The accompanying condensed consolidated financial statements as of June 30, 2022 have been prepared assuming the Company will continue as a going concern. As reflected in the condensed consolidated financial statements, the Company had approximately $509,000 in cash at June 30, 2022, and cash used in operating activities of $1.1 million for the six months ended June 30, 2022. Further, the Company had a working capital deficit of $12.1 million, an accumulated deficit of $68.6 million at June 30, 2022, and had a net loss in the amount of approximately $1.5 million for the six months ended June 30, 2022. In addition, all existing secured and unsecured debt held by its principal lender, excluding the profit share liability, in the principal amount of $13.4 million matures on August 25, 2022, which is less than one month from the issuance of these condensed consolidated financial statements.

 

These factors raise substantial doubt about the Company’s ability to continue as a going concern for the next twelve months from the issuance of these condensed consolidated financial statements. The Company has taken steps to alleviate the doubt raised by the application of ASC 205-40. During 2021, the Company eliminated $4,440,000 of convertible notes through conversions to shares of common stock and repaid $10,000 of convertible notes, leaving no convertible notes outstanding as of June 30, 2022. In addition, in June 2021, the Company announced that it had entered into a Debt Repayment and Exchange Agreement with its principal lender which, subject to various closing conditions, including but not limited to the completion of an offering of equity securities resulting in net proceeds of at least $12.0 million by June 30, 2022, was expected to repay all existing secured and unsecured debt obligations held by such lender. Such closing conditions were not met by June 30, 2022.  However, the Company is in the process of negotiating certain changes and modifications to the financing arrangements with such lender in view of the pending maturity date of the two notes.
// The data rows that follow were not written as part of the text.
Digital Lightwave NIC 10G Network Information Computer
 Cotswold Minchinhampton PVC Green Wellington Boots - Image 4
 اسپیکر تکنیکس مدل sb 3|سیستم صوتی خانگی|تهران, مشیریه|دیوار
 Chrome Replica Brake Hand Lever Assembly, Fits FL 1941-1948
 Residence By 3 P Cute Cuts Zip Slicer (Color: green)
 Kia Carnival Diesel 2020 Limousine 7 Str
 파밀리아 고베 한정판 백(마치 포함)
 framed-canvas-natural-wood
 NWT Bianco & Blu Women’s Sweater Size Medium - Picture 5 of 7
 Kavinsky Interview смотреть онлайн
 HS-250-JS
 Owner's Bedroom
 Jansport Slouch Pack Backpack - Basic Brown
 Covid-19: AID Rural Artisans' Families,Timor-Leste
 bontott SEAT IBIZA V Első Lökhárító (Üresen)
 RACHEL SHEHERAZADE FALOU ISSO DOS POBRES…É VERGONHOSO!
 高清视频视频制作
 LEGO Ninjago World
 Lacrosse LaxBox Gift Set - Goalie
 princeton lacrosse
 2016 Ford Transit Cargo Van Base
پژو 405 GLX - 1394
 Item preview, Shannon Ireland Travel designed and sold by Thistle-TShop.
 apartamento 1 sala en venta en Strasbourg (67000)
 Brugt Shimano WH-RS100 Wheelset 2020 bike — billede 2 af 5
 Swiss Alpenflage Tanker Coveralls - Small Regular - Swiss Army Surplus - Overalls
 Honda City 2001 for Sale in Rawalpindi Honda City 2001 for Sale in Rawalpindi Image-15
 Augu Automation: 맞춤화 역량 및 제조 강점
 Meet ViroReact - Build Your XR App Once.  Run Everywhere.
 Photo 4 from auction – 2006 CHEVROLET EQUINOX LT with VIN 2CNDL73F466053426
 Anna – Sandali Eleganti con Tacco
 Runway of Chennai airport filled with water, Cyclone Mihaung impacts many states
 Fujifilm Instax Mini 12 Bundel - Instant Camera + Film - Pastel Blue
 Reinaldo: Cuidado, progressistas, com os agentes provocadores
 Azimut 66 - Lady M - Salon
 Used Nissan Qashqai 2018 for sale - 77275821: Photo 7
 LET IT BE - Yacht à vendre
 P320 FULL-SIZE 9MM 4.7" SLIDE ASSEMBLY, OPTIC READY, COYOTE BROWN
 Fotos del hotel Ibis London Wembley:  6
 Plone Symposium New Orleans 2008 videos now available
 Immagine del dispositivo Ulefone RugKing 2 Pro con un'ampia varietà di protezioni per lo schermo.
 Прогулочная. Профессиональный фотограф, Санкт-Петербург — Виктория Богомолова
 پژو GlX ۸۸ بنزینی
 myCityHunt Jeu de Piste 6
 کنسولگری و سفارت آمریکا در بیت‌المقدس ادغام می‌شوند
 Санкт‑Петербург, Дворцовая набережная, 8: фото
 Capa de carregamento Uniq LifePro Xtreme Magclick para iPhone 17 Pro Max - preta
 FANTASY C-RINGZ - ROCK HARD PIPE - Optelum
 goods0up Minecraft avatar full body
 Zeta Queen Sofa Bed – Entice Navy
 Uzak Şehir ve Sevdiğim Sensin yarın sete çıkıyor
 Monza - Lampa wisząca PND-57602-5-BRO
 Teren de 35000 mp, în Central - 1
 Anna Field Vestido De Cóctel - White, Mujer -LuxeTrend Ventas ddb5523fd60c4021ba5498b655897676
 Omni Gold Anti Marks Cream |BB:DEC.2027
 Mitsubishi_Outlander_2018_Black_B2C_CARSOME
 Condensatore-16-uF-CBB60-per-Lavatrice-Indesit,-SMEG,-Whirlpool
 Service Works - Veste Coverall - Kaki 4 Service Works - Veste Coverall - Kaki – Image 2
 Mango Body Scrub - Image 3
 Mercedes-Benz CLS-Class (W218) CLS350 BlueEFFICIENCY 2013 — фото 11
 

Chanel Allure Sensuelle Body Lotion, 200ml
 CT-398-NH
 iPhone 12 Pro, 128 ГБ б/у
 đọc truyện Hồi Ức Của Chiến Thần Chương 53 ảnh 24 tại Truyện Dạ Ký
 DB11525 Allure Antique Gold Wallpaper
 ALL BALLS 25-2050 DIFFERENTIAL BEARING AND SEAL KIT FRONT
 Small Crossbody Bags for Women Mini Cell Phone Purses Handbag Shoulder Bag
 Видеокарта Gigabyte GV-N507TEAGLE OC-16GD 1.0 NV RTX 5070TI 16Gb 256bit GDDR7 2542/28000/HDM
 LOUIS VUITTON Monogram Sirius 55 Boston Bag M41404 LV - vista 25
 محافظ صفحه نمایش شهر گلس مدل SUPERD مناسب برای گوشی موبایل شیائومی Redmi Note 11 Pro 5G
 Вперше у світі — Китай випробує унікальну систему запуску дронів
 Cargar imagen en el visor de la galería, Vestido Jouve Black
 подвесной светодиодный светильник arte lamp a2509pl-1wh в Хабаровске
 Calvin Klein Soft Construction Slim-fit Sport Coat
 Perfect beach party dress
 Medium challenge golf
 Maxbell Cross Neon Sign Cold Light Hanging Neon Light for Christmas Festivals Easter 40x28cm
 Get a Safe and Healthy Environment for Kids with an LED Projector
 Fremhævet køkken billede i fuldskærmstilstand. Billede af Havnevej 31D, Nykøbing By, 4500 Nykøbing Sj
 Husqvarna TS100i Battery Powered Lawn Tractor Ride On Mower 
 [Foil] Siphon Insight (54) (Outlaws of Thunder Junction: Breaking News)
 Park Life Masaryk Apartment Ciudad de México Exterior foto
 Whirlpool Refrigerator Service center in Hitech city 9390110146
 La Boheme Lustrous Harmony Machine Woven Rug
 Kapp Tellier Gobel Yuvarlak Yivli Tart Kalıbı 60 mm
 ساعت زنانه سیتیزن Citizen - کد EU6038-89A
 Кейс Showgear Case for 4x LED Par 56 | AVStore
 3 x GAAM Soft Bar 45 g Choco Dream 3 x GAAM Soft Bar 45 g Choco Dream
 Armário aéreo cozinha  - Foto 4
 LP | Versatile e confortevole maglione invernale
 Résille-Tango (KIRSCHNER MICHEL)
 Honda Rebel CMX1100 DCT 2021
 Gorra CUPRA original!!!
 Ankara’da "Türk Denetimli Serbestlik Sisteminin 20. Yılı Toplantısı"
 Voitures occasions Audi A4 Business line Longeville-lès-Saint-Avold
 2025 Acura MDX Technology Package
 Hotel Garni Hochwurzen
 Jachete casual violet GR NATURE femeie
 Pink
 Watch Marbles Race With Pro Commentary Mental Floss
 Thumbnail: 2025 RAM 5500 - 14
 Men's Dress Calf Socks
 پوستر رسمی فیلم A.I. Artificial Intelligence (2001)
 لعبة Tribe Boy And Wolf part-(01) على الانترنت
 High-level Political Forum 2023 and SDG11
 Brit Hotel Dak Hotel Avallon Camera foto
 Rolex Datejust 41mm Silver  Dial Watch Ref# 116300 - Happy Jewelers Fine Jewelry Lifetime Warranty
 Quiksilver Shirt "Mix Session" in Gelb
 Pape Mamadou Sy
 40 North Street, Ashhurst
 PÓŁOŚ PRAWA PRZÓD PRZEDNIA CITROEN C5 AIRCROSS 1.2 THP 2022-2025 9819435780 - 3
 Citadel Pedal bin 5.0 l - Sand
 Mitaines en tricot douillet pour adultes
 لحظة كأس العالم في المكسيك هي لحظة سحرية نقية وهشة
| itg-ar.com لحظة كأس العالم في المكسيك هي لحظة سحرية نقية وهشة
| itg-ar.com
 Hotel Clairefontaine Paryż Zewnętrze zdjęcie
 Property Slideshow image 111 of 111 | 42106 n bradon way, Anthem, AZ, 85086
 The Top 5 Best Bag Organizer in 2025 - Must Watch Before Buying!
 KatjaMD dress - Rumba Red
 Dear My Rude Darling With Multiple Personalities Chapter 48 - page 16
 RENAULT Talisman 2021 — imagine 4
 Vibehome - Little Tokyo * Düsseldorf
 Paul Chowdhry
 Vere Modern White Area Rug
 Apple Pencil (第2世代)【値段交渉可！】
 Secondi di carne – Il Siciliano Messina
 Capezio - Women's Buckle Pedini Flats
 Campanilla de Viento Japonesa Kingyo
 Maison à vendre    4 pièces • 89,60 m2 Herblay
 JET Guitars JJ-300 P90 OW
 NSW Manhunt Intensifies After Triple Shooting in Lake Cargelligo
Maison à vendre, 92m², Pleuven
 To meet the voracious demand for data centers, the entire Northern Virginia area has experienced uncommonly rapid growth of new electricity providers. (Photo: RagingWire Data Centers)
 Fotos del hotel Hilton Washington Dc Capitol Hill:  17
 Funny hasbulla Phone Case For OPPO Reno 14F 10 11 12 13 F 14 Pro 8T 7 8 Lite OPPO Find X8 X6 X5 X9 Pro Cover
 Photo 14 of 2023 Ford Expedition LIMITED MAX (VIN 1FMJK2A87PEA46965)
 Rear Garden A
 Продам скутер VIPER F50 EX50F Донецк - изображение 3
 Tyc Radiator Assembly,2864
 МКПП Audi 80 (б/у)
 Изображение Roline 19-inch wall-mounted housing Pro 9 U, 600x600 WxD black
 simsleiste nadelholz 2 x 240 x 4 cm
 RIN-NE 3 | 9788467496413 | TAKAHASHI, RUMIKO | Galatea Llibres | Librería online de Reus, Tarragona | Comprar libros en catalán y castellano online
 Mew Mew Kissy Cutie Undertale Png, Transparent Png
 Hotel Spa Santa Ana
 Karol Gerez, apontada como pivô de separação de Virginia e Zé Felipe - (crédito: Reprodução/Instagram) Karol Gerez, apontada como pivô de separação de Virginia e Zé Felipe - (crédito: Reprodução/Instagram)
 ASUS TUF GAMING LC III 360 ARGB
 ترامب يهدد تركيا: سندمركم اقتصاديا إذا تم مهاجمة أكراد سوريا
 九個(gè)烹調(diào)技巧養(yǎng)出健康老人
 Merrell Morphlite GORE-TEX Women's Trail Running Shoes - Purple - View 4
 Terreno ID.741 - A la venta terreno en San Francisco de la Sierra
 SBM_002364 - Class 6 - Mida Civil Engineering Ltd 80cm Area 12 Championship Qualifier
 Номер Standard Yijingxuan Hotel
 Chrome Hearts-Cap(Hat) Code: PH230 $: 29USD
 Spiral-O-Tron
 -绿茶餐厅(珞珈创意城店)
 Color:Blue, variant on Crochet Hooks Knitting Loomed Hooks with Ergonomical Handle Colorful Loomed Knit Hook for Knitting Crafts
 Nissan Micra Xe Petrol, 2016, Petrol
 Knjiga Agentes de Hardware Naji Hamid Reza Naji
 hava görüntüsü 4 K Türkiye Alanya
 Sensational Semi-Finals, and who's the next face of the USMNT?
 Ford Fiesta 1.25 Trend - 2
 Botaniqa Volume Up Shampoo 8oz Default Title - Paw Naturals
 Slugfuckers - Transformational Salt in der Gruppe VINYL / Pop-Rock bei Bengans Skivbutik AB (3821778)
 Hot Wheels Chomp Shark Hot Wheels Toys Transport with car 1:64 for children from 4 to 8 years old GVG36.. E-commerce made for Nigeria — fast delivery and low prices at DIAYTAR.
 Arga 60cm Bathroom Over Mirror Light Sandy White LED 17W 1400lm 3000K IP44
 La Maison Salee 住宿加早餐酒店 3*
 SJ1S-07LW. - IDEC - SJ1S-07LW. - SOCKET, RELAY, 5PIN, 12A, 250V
Although the Company anticipates that it will be able to finalize such arrangements prior to the current maturity date and that significant revenues will continue in its business operations, no assurances can be given that the Company will be able to finalize such changes and modifications or that the Company can obtain sufficient working capital through its business operations in order to sustain ongoing operations.

 

The accompanying condensed consolidated financial statements do not include adjustments to reflect the possible future effects on the recoverability and classification of assets or the amounts and classifications of liabilities that may result from the possible inability of the Company to continue as a going concern.